[THE DATA — start]

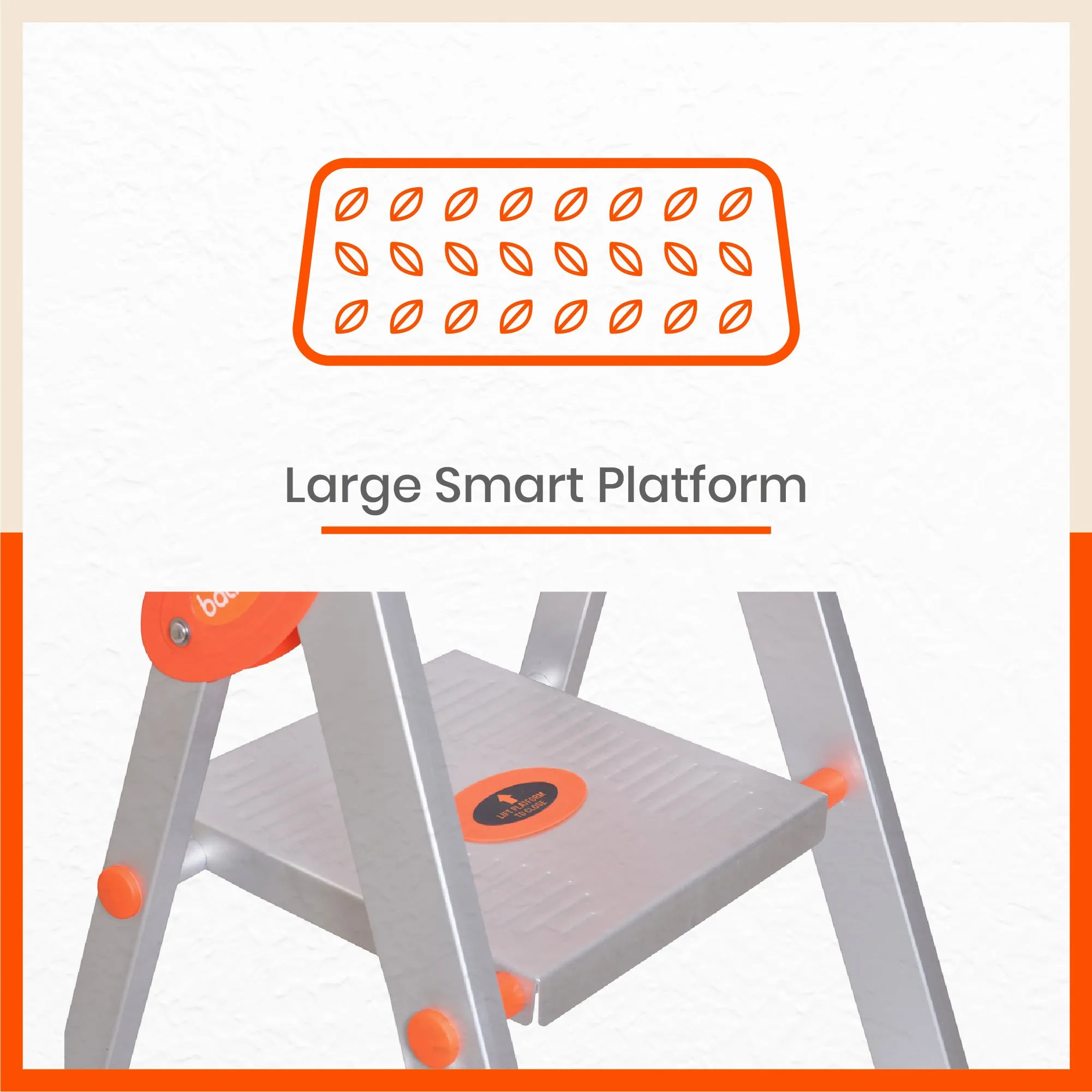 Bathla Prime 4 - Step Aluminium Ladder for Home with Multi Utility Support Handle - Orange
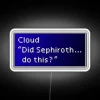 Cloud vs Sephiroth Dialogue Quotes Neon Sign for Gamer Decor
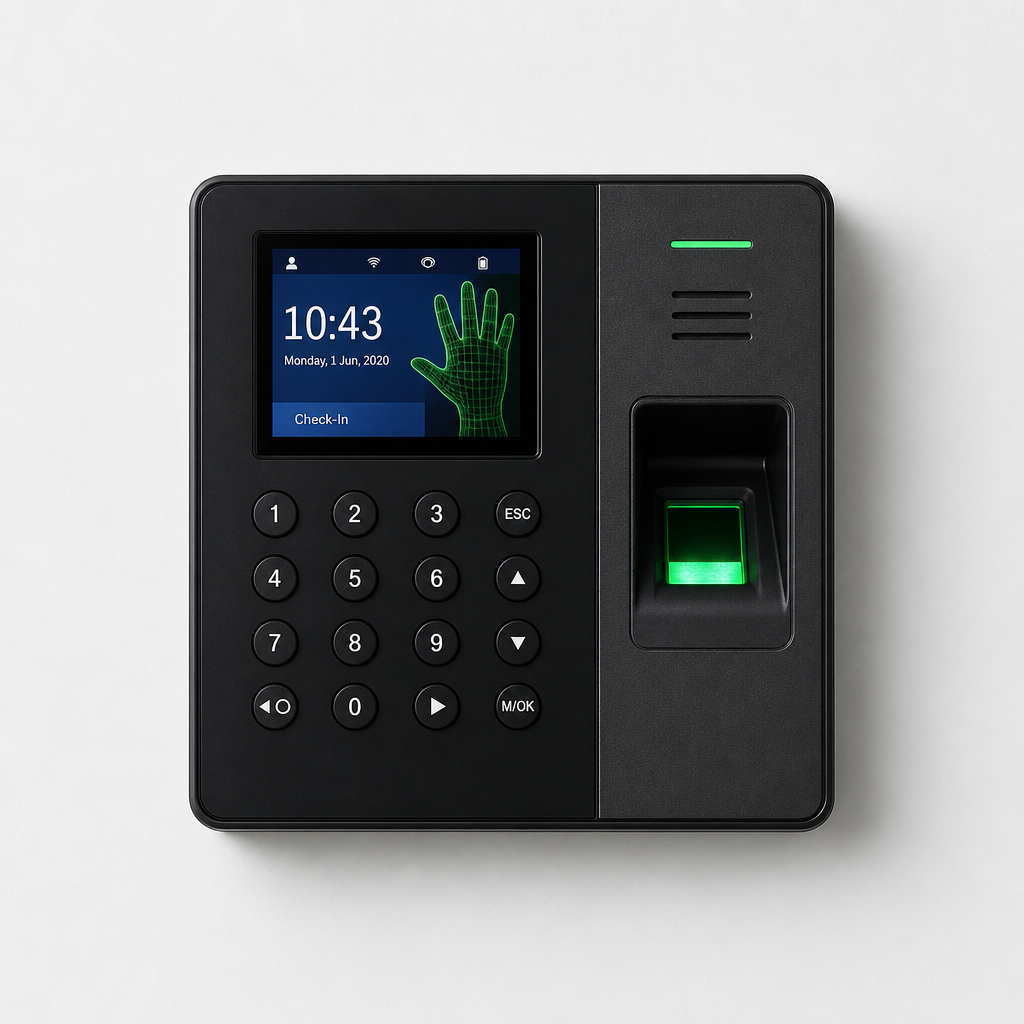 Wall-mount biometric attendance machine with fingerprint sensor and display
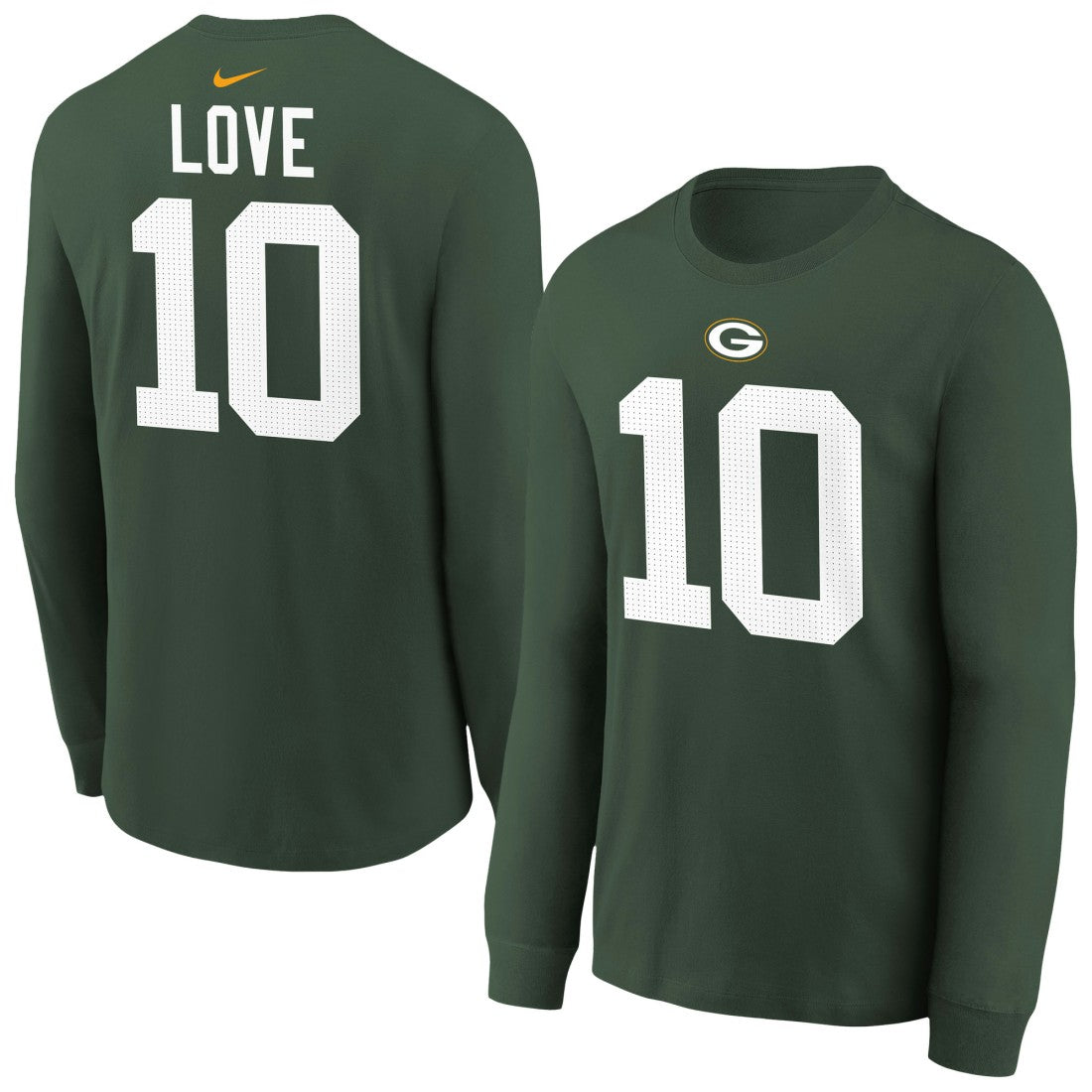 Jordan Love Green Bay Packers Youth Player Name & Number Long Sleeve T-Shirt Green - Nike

[THE DATA — finish]
[THE DATA — start]

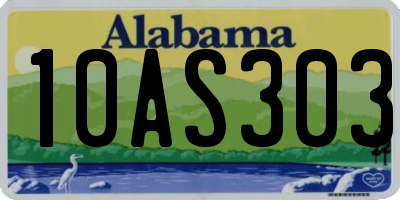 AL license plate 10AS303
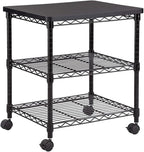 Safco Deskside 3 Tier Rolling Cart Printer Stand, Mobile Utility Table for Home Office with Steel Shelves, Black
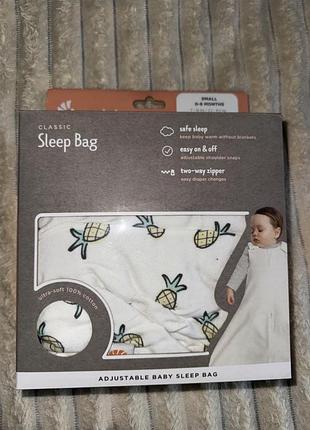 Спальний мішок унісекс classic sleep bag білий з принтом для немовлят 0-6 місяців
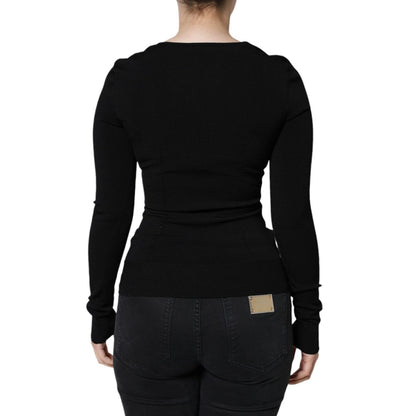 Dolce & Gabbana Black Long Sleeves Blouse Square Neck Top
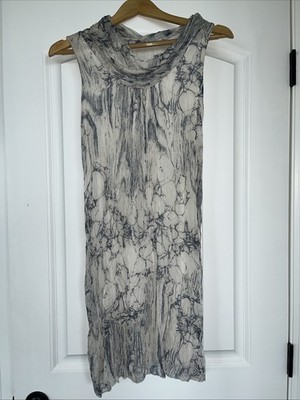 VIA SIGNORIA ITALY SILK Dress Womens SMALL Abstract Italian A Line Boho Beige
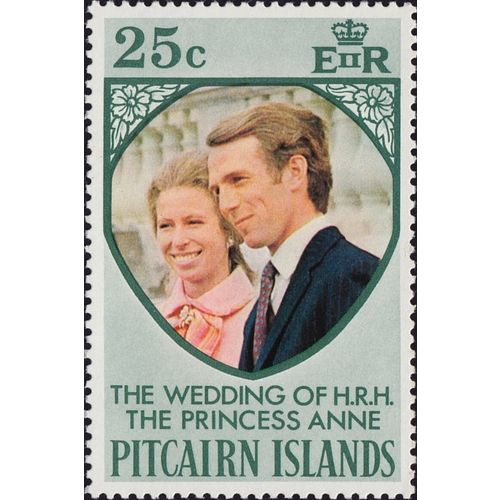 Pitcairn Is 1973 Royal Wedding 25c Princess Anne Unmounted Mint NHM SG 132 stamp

[THE DATA — finish]

- TASK STATEMENT -
Restate word for word every line from the one with "VIA SIGNORIA ITALY" up to and including the one with "Pitcairn Is 1973" in the records above, minus the pictures.

- ANSWER SPACE -
 VIA SIGNORIA ITALY SILK Dress Womens SMALL Abstract Italian A Line Boho Beige
 Pitcairn Is 1973 Royal Wedding 25c Princess Anne Unmounted Mint NHM SG 132 stamp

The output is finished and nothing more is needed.